Below are some lines of data. Return all of them as they are.
Segment Open
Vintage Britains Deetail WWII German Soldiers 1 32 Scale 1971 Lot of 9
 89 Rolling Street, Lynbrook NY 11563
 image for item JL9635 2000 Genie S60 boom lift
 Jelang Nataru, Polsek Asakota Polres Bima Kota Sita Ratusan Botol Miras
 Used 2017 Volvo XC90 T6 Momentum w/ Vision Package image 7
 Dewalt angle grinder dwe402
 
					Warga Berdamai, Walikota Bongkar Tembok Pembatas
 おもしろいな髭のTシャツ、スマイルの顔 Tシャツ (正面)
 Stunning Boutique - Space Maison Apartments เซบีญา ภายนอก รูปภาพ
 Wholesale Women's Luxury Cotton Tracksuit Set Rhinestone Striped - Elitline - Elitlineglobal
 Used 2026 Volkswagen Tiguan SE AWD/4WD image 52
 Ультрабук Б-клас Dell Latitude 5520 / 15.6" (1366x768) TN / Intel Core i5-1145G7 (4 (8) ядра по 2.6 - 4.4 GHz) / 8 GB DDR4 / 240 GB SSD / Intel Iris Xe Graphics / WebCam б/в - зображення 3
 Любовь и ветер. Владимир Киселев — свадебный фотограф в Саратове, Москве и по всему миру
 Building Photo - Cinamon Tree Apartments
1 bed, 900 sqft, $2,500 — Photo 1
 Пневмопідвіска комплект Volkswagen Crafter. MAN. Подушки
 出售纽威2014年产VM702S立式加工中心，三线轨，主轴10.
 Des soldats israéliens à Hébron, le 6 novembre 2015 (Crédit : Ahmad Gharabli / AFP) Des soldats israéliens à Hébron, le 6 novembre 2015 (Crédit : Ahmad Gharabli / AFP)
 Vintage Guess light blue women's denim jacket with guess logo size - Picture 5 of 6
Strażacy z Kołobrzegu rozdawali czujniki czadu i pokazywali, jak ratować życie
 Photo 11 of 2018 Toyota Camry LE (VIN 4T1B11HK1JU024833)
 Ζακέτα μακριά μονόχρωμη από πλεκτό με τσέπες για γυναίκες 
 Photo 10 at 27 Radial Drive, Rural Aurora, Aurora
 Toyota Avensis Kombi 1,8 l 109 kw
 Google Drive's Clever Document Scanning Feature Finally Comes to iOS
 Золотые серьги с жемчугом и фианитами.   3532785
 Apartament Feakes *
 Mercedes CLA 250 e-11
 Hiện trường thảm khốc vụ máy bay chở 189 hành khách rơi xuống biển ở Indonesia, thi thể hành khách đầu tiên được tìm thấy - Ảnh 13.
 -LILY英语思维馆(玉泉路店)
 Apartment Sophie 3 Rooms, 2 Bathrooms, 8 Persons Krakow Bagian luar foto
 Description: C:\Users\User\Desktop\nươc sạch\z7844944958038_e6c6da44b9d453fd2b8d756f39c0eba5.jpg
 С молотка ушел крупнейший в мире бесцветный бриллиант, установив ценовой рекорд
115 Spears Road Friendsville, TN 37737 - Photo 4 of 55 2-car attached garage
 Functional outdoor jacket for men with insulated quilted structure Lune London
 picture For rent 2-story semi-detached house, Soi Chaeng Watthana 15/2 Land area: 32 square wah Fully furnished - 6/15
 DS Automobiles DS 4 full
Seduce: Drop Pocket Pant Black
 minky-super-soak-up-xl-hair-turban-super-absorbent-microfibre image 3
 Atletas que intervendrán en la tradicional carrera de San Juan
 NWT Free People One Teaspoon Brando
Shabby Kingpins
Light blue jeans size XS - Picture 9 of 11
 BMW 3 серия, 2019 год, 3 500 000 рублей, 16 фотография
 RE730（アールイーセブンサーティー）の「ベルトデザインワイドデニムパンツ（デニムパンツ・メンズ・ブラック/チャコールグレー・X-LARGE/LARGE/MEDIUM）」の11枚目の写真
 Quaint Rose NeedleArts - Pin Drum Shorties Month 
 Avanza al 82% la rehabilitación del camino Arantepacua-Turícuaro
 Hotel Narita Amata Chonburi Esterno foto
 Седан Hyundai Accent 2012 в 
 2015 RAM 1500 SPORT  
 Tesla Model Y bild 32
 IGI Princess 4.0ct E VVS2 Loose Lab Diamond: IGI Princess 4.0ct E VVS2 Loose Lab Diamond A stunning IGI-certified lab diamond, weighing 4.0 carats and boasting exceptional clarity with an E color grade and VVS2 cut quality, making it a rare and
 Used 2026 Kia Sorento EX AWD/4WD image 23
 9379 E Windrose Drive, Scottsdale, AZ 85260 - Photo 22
Segment Closed
* **Your response**
Vintage Britains Deetail WWII German Soldiers 1 32 Scale 1971 Lot of 9
 89 Rolling Street, Lynbrook NY 11563
 image for item JL9635 2000 Genie S60 boom lift
 Jelang Nataru, Polsek Asakota Polres Bima Kota Sita Ratusan Botol Miras
 Used 2017 Volvo XC90 T6 Momentum w/ Vision Package image 7
 Dewalt angle grinder dwe402
 
					Warga Berdamai, Walikota Bongkar Tembok Pembatas
 おもしろいな髭のTシャツ、スマイルの顔 Tシャツ (正面)
 Stunning Boutique - Space Maison Apartments เซบีญา ภายนอก รูปภาพ
 Wholesale Women's Luxury Cotton Tracksuit Set Rhinestone Striped - Elitline - Elitlineglobal
 Used 2026 Volkswagen Tiguan SE AWD/4WD image 52
 Ультрабук Б-клас Dell Latitude 5520 / 15.6" (1366x768) TN / Intel Core i5-1145G7 (4 (8) ядра по 2.6 - 4.4 GHz) / 8 GB DDR4 / 240 GB SSD / Intel Iris Xe Graphics / WebCam б/в - зображення 3
 Любовь и ветер. Владимир Киселев — свадебный фотограф в Саратове, Москве и по всему миру
 Building Photo - Cinamon Tree Apartments
1 bed, 900 sqft, $2,500 — Photo 1
 Пневмопідвіска комплект Volkswagen Crafter. MAN. Подушки
 出售纽威2014年产VM702S立式加工中心，三线轨，主轴10.
 Des soldats israéliens à Hébron, le 6 novembre 2015 (Crédit : Ahmad Gharabli / AFP) Des soldats israéliens à Hébron, le 6 novembre 2015 (Crédit : Ahmad Gharabli / AFP)
 Vintage Guess light blue women's denim jacket with guess logo size - Picture 5 of 6
Strażacy z Kołobrzegu rozdawali czujniki czadu i pokazywali, jak ratować życie
 Photo 11 of 2018 Toyota Camry LE (VIN 4T1B11HK1JU024833)
 Ζακέτα μακριά μονόχρωμη από πλεκτό με τσέπες για γυναίκες 
 Photo 10 at 27 Radial Drive, Rural Aurora, Aurora
 Toyota Avensis Kombi 1,8 l 109 kw
 Google Drive's Clever Document Scanning Feature Finally Comes to iOS
 Золотые серьги с жемчугом и фианитами.   3532785
 Apartament Feakes *
 Mercedes CLA 250 e-11
 Hiện trường thảm khốc vụ máy bay chở 189 hành khách rơi xuống biển ở Indonesia, thi thể hành khách đầu tiên được tìm thấy - Ảnh 13.
 -LILY英语思维馆(玉泉路店)
 Apartment Sophie 3 Rooms, 2 Bathrooms, 8 Persons Krakow Bagian luar foto
 Description: C:\Users\User\Desktop\nươc sạch\z7844944958038_e6c6da44b9d453fd2b8d756f39c0eba5.jpg
 С молотка ушел крупнейший в мире бесцветный бриллиант, установив ценовой рекорд
115 Spears Road Friendsville, TN 37737 - Photo 4 of 55 2-car attached garage
 Functional outdoor jacket for men with insulated quilted structure Lune London
 picture For rent 2-story semi-detached house, Soi Chaeng Watthana 15/2 Land area: 32 square wah Fully furnished - 6/15
 DS Automobiles DS 4 full
Seduce: Drop Pocket Pant Black
 minky-super-soak-up-xl-hair-turban-super-absorbent-microfibre image 3
 Atletas que intervendrán en la tradicional carrera de San Juan
 NWT Free People One Teaspoon Brando
Shabby Kingpins
Light blue jeans size XS - Picture 9 of 11
 BMW 3 серия, 2019 год, 3 500 000 рублей, 16 фотография
 RE730（アールイーセブンサーティー）の「ベルトデザインワイドデニムパンツ（デニムパンツ・メンズ・ブラック/チャコールグレー・X-LARGE/LARGE/MEDIUM）」の11枚目の写真
 Quaint Rose NeedleArts - Pin Drum Shorties Month 
 Avanza al 82% la rehabilitación del camino Arantepacua-Turícuaro
 Hotel Narita Amata Chonburi Esterno foto
 Седан Hyundai Accent 2012 в 
 2015 RAM 1500 SPORT  
 Tesla Model Y bild 32
 IGI Princess 4.0ct E VVS2 Loose Lab Diamond: IGI Princess 4.0ct E VVS2 Loose Lab Diamond A stunning IGI-certified lab diamond, weighing 4.0 carats and boasting exceptional clarity with an E color grade and VVS2 cut quality, making it a rare and
 Used 2026 Kia Sorento EX AWD/4WD image 23
 9379 E Windrose Drive, Scottsdale, AZ 85260 - Photo 22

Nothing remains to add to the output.